[Short text fragments from websites]
★ ★ ★
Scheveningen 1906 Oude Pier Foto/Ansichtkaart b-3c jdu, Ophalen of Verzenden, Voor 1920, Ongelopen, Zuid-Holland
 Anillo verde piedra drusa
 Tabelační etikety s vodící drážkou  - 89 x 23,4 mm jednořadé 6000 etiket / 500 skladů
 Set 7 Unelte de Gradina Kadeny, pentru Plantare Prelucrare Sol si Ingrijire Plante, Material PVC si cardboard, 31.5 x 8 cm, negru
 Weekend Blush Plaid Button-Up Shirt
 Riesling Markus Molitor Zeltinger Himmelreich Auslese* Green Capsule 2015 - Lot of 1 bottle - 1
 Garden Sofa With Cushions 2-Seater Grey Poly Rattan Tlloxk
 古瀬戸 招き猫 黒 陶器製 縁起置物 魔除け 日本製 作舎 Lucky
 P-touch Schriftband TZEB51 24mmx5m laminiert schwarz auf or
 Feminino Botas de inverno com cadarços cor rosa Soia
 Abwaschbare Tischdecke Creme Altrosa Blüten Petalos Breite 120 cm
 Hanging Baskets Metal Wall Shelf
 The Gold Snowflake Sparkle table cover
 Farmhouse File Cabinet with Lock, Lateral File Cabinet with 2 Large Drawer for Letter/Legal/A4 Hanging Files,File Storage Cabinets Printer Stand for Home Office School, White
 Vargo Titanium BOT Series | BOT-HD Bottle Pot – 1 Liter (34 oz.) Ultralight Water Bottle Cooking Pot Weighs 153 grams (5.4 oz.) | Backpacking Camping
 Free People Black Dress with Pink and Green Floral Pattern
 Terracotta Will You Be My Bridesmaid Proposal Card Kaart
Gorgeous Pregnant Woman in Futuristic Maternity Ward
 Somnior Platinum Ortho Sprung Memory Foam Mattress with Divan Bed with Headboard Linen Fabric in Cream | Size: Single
★ ★ ★
_ASSIGNMENT_:
Return, word for word, the line containing "Riesling Markus Molitor" and all lines after it through the last line of the records, and nothing else.

_OUTPUT OF THE EXERCISE_:
 Riesling Markus Molitor Zeltinger Himmelreich Auslese* Green Capsule 2015 - Lot of 1 bottle - 1
 Garden Sofa With Cushions 2-Seater Grey Poly Rattan Tlloxk
 古瀬戸 招き猫 黒 陶器製 縁起置物 魔除け 日本製 作舎 Lucky
 P-touch Schriftband TZEB51 24mmx5m laminiert schwarz auf or
 Feminino Botas de inverno com cadarços cor rosa Soia
 Abwaschbare Tischdecke Creme Altrosa Blüten Petalos Breite 120 cm
 Hanging Baskets Metal Wall Shelf
 The Gold Snowflake Sparkle table cover
 Farmhouse File Cabinet with Lock, Lateral File Cabinet with 2 Large Drawer for Letter/Legal/A4 Hanging Files,File Storage Cabinets Printer Stand for Home Office School, White
 Vargo Titanium BOT Series | BOT-HD Bottle Pot – 1 Liter (34 oz.) Ultralight Water Bottle Cooking Pot Weighs 153 grams (5.4 oz.) | Backpacking Camping
 Free People Black Dress with Pink and Green Floral Pattern
 Terracotta Will You Be My Bridesmaid Proposal Card Kaart
Gorgeous Pregnant Woman in Futuristic Maternity Ward
 Somnior Platinum Ortho Sprung Memory Foam Mattress with Divan Bed with Headboard Linen Fabric in Cream | Size: Single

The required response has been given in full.